WORK REQUEST → Your copy should repeat the data that follows exactly and contain no image.

───── THE DATA ─────

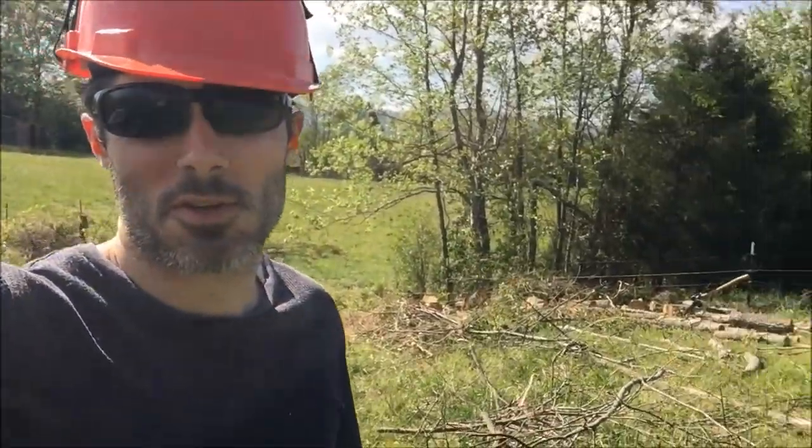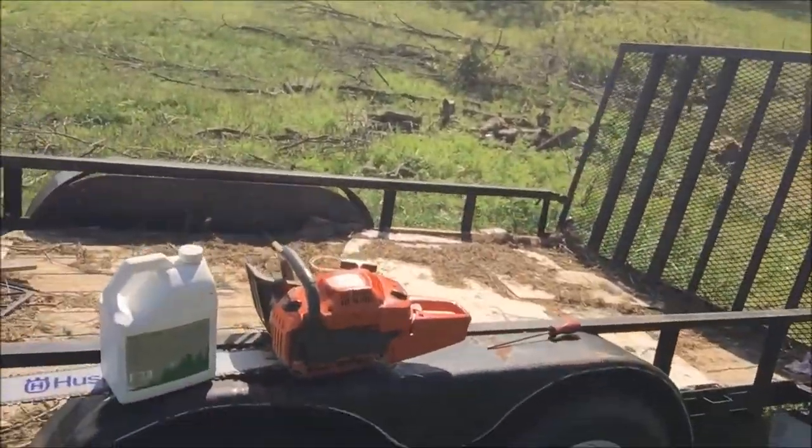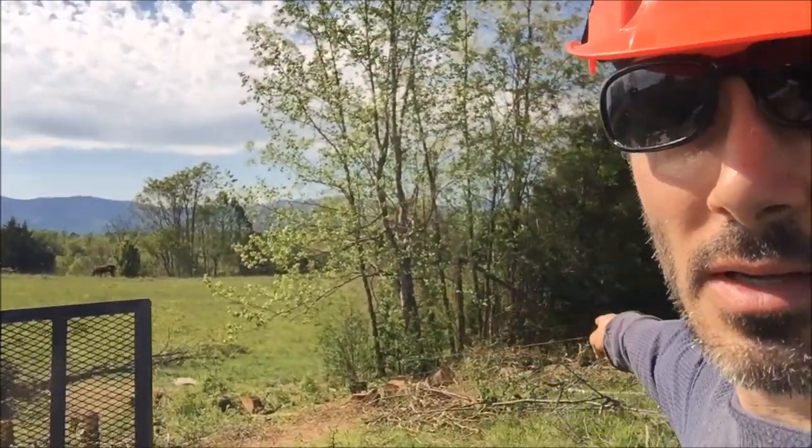Hey, what's going on? Patrick Tatton here. So, we're making some progress on our job site here. You can see there are a few less trees than when we started. Got my helmet cam and I'm gonna put some bar and chain oil in my Husqvarna 460 Rancher, and then we're gonna go take down these big trees in the background for you guys. Stay tuned.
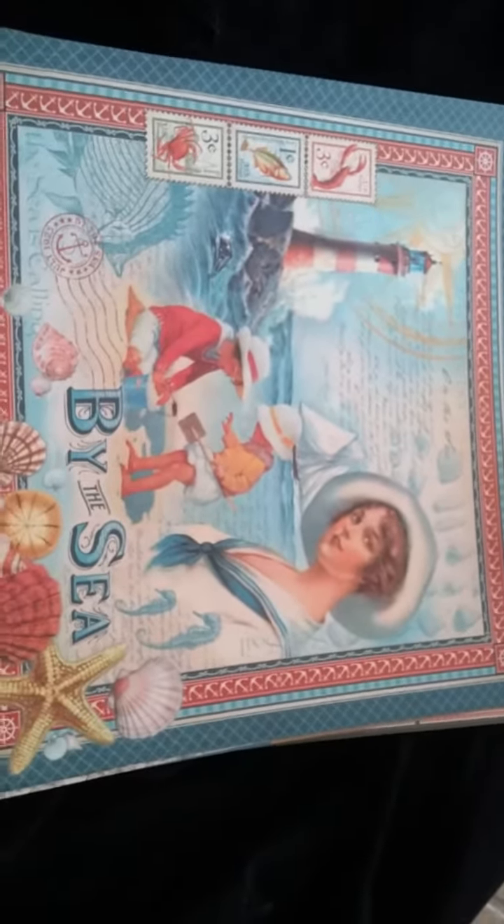Hello there! This is Crepe Pre-Raph and I have a gorgeous Graphic 45 de-stash for you.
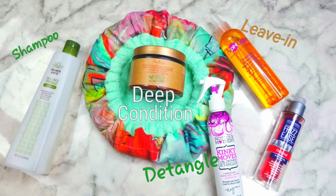I sectioned my hair off into a total of six twists, which I stretched across my hair and allowed to air-dry overnight.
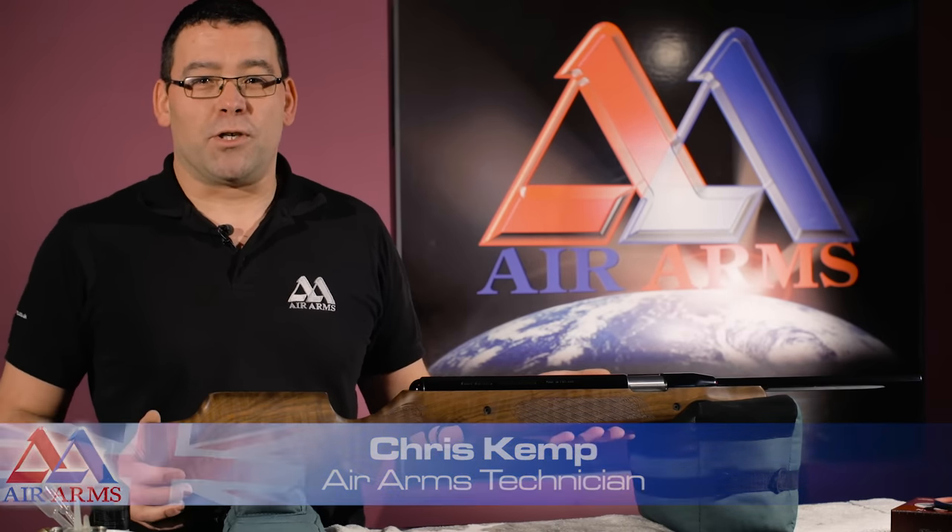Hello, my name is Chris. I'm a technician here at Air Arms. Today I'm going to show you how to remove the stock from the Pro Sport.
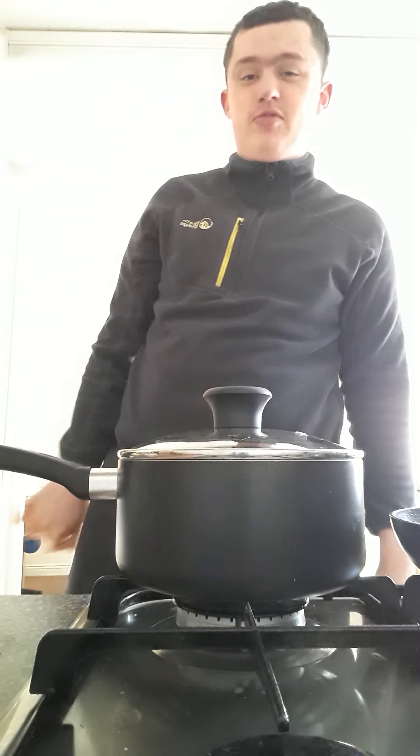Yo guys, welcome to Cooking with Michael. It's Massive Michael here. Today I'm going to show you how to make the lemon posset, because people have been requesting that.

─────

TASK SOLUTION →
Hey, what's going on? Patrick Tatton here. So, we're making some progress on our job site here. You can see there are a few less trees than when we started. Got my helmet cam and I'm gonna put some bar and chain oil in my Husqvarna 460 Rancher, and then we're gonna go take down these big trees in the background for you guys. Stay tuned.
Hello there! This is Crepe Pre-Raph and I have a gorgeous Graphic 45 de-stash for you.
I sectioned my hair off into a total of six twists, which I stretched across my hair and allowed to air-dry overnight.
Hello, my name is Chris. I'm a technician here at Air Arms. Today I'm going to show you how to remove the stock from the Pro Sport.
Yo guys, welcome to Cooking with Michael. It's Massive Michael here. Today I'm going to show you how to make the lemon posset, because people have been requesting that.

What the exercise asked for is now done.